El rechazo a la extradición de Galvarino Apablaza a Chile disminuye la módica credibilidad de la que goza Argentina en el mundo.
EN POLITICA exterior, cualquier decisión puede gustarnos o no, según gratifique a nuestro color ideológico. Pero es objetivamente buena o mala según beneficie o perjudique al interés nacional.
En esa perspectiva, aún los más convencidos de que la negativa de extraditar a Galvarino Apablaza estuvo bien, deben igualmente tomar en cuenta los costos que por tal decisión vamos a terminar pagando los argentinos.
En los 80, cuando Argentina recuperó su democracia, afrontábamos un balance sumamente negativo. Tras cien años de controversias limítrofes, en 1978 estuvimos al borde de un conflicto armado que habría resultado siniestro, veníamos de desconocer el laudo por el Beagle, el régimen de Pinochet había apoyado a Gran Bretaña en la Guerra de las Malvinas y se acentuaba un sentimiento de antagonismo claramente pernicioso para los tiempos por venir.
En los siguientes 20 años invertimos completamente la actitud.
Cambiamos hostilidad por cooperación, solucionamos la totalidad de los conflictos limítrofes, Chile pasó a apoyarnos militantemente en el reclamo por Malvinas, se convirtió en el tercer inversionista extranjero directo en Argentina y miles de millones de dólares chilenos se inyectaron en el sistema económico argentino, al tiempo que concertábamos innumerables acuerdos públicos y privados de progreso asociado.
Nada de eso va a revertirse a causa de nuestra negativa respecto de Apablaza, pero ciertamente va a perjudicar ese proceso. Dicha negativa se inscribe en el ya muy poblado museo de las acciones políticas que, a contramano del avance regional, introducen palos en la rueda del entendimiento.
En términos jurídicos, la corte argentina ya se había pronunciado. Y en términos políticos, no tiene importancia si Apablaza es culpable o más inocente que la Madre Teresa: esa es una decisión que corresponde a la justicia chilena.
Esa habría sido nuestra correcta respuesta política. Siempre y cuando, por supuesto, pensemos que Chile es una verdadera democracia y allí funciona un sistema judicial respetable y que garantiza los derechos humanos. A partir de ahora, el mensaje que estamos enviando al mundo entero es que los argentinos, los socios, amigos y vecinos estratégicos de Chile, quienes más los conocemos, creemos que eso no es cierto, que la democracia y la justicia chilenas no son de fiar, que no ofrece las garantías suficientes del debido proceso.
Pavada de ofensa y pavada de costo que deberemos afrontar, en una nueva disminución de nuestra ya módica credibilidad en el mundo.
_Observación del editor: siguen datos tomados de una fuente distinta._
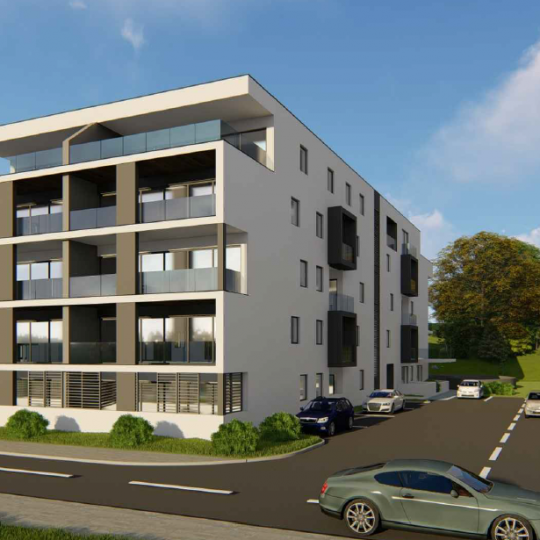 Apartment PULA, NEW BUILDING VELI VRH, COMPLETION OF WORKS 2024.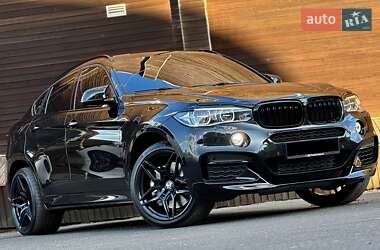 Позашляховик / Кросовер BMW X6 2015 в Одесі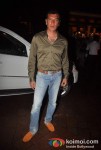 Aditya Pancholi At Baba Siddique's Iftar Party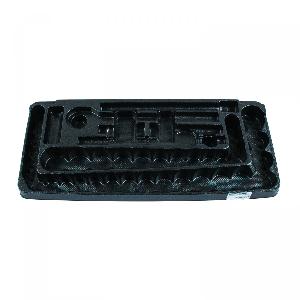 Ложемент для набора торцевых головок 9033CR, верхний PVC KING TONY 84404312B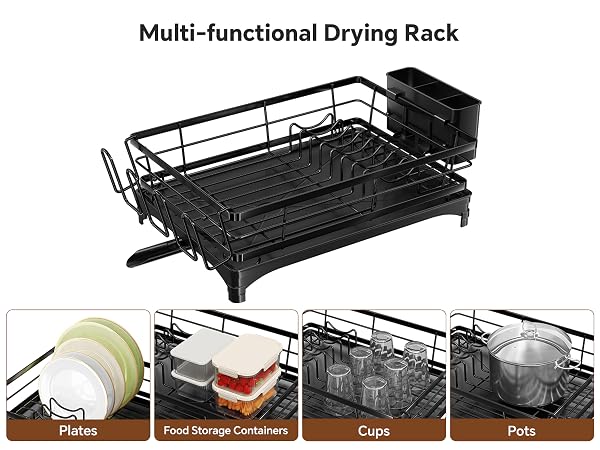 Multi-functional Drying Rack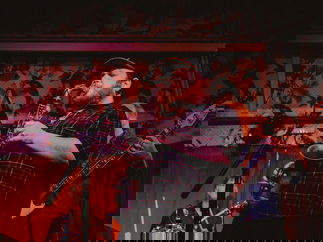 Promo The Silks Function Band Manchester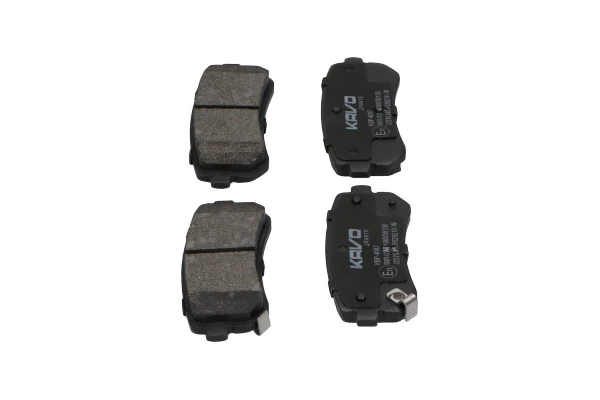 Купити KBP4007 Kavo Parts Задні колодки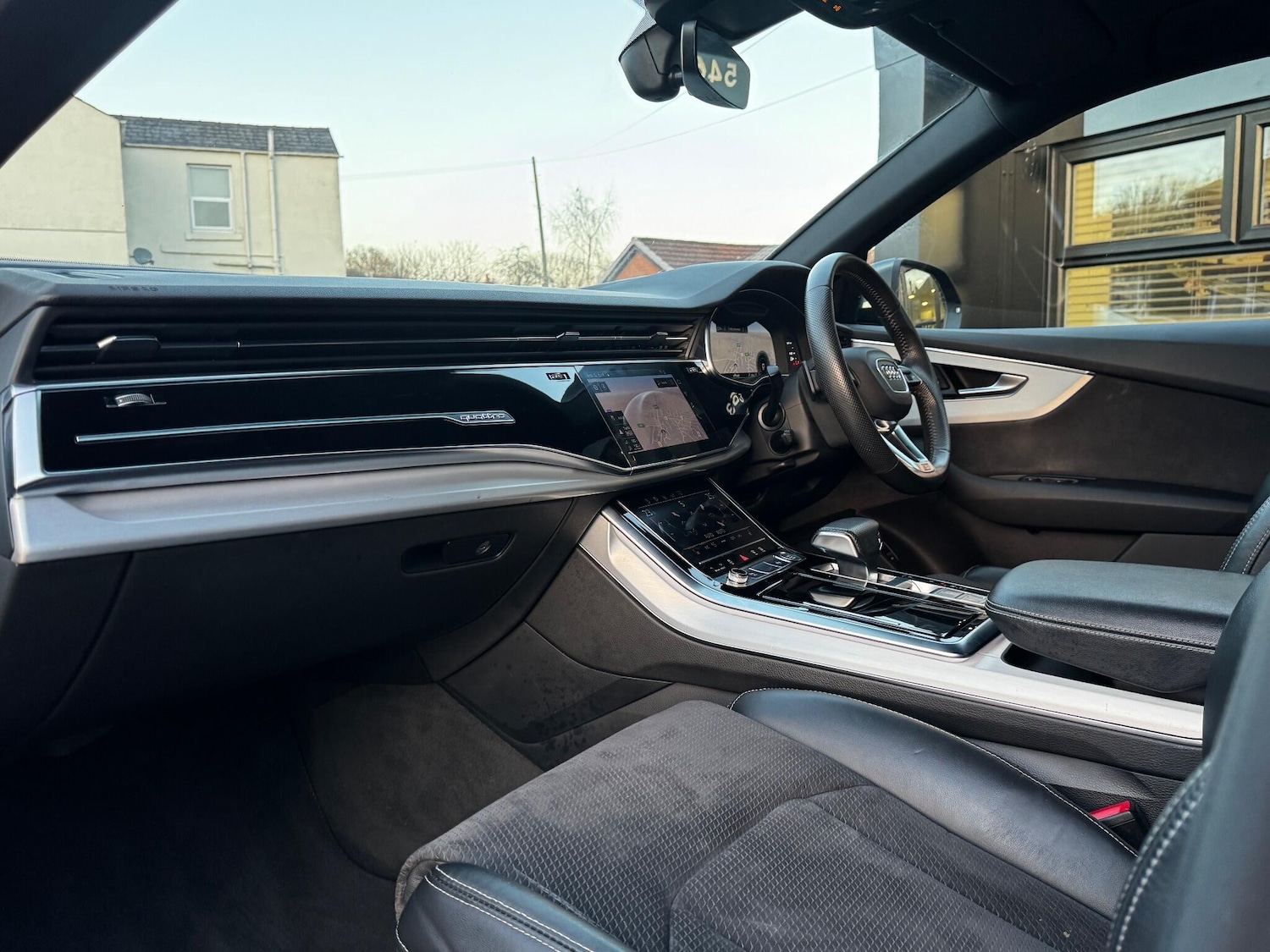 Used Audi Q8 2019 for sale - 77190720: Photo 53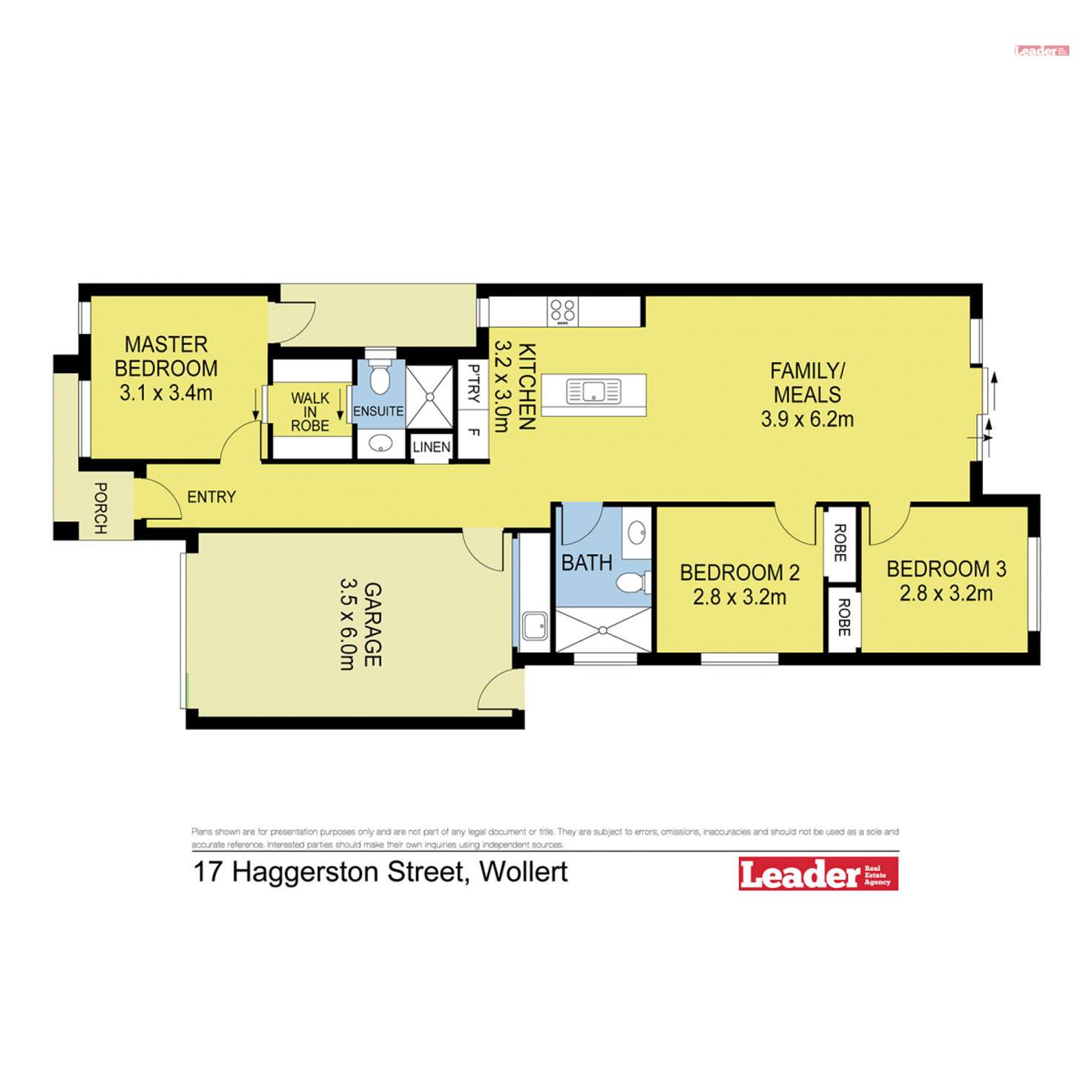 Floorplan of Homely house listing, 19 Haggerston Street, Wollert VIC 3750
Un agravio inmerecido a quienes siempre hemos considerado como hermanos, una verdadera cruzada contra nosotros mismos, un conflicto completamente innecesario, sorprendiendo a los desprevenidos chilenos con la inevitable sospecha de que, para determinadas formas de entender la política, cuando talla la ideología tambalea el estado de derecho.
Para cerrar, es de lamentar que los fundamentos de la Comisión Nacional para los Refugiados no se den a la luz pública. Una pena, pero cualquier interesado puede conseguir unas argumentaciones de resultado semejante: son las que esgrime Irán para no acceder al pedido de extradiciones que le reclama la Argentina.